While those things can be part of it, true self-love runs much deeper. At its core, self-love is the relationship you have with yourself, how you respond to your pain, and how worthy you believe you are of care, rest, and compassion.
For many people, self-love is not intuitive.
Some never experienced consistent love, safety, or emotional attunement growing up, so there was no blueprint for how to offer that to themselves. Others learned early on that love was conditional based on performance, pleasing others, staying quiet, or not being “too much.” Over time, this can turn into an internal belief that love must be earned rather than something we inherently deserve.
Life experiences can reinforce this further. Trauma, chronic stress, attachment wounds, or repeated disappointments may lead us to be overly critical of ourselves. We may default to self- blame, perfectionism, or emotional shutdown to survive. For some, a freeze or fawn response develops, in which staying safe means focusing on others’ needs while disconnecting from their own. In these cases, self-love isn’t about motivation or willpower; it’s about unlearning survival strategies that once made sense.

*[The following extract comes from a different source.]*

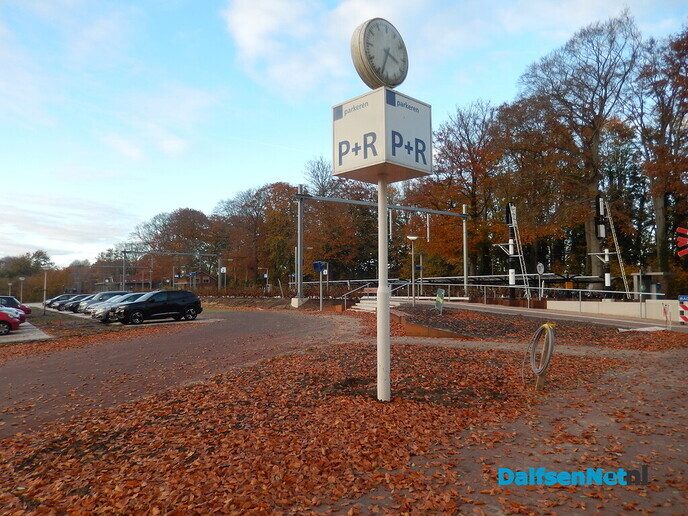 Wat is het station Heino mooi geworden - Foto: Willy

What Self-Love Actually Looks Like
Self-love is not selfishness or arrogance. It doesn’t mean ignoring responsibility or avoiding growth. Instead, it means meeting yourself with honesty and kindness. It’s the ability to hold your struggles without shaming yourself for having them. It’s recognizing that your worth is not defined by productivity, appearance, or how much you do for others.
Self-love can look like:
Allowing yourself to rest without guilt
Setting boundaries even when it feels uncomfortable
Speaking to yourself the way you would speak to someone you care about
Acknowledging pain instead of minimizing it
Choosing support instead of pushing through alone
If self-love feels difficult or unfamiliar, there is nothing wrong with you. These responses often come from experiences in which care, consistency, or safety were missing. Healing is not about forcing yourself to “love yourself more,” but about lovingly building trust with yourself over time.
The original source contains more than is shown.